He made the comments after the Troika passed its latest bailout review - its eighth - but he insisted the government would not need to actually tap in to the funds.
Mr Noonan said the government was likely to mark down its growth forecasts for 2013 next week, but said he did not expect this to effect the government's fiscal targets. The government currently expects GDP growth of 2.2 percent next year.
The government is also seeking clarity from the European Central Bank about whether it could theoretically tap the bank's new bond-buying programme to offer additional assurances to investors.
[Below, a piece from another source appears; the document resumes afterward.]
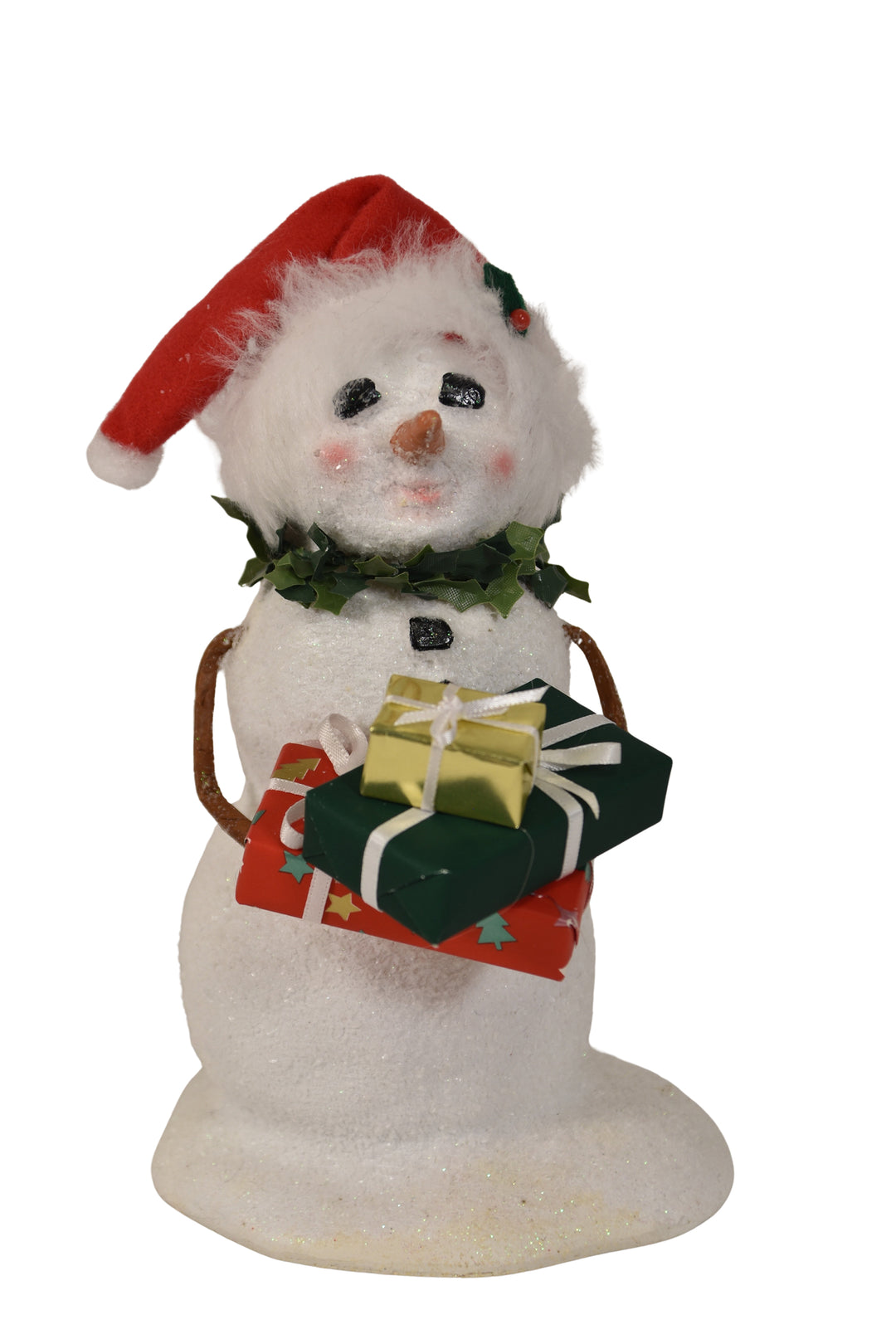 Snowman with Presents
Ireland has made a tentative return to the bond market in recent months, the only EU/IMF bailout recipient to do so, but is looking for any help it can get to boost confidence enough to allow a full market return when its bailout expires late next year.
"We had a short discussion ... on which assistance on exit would be available from the European authorities and the answer was 'Yes'," Noonan told journalists in Dublin following the end of the latest 10-day EU/IMF review.
"What we want to see is the range of possible options that will be there. We are hopeful we will not have to use any of these."
Noonan said Ireland would not need another bailout. "There is no question," he said.
A statement from the European Central Bank that Ireland could in theory access the ECB's Outright Monetary Financing programme would help the Government to avoid actually tapping any official help, Minister Brendan Howlin said.
"The simple assertion of that as a prospect would have an immediate impact on our bond spread," Howlin said.
Dublin is continuing talks with the European Commission and ECB to ease the burden placed on state finances by its failed lenders, with the aim of securing a deal before a 3.1 billion euro promissory note repayment in March next year.
Official support would help the government to tap bond markets over the coming year to build up a 17 billion euro ($22 billion) buffer, Noonan said, which would cover state funding for a year and a half.
"We would be prudent to say we would like 18 months' funding in hand," the finance minister said.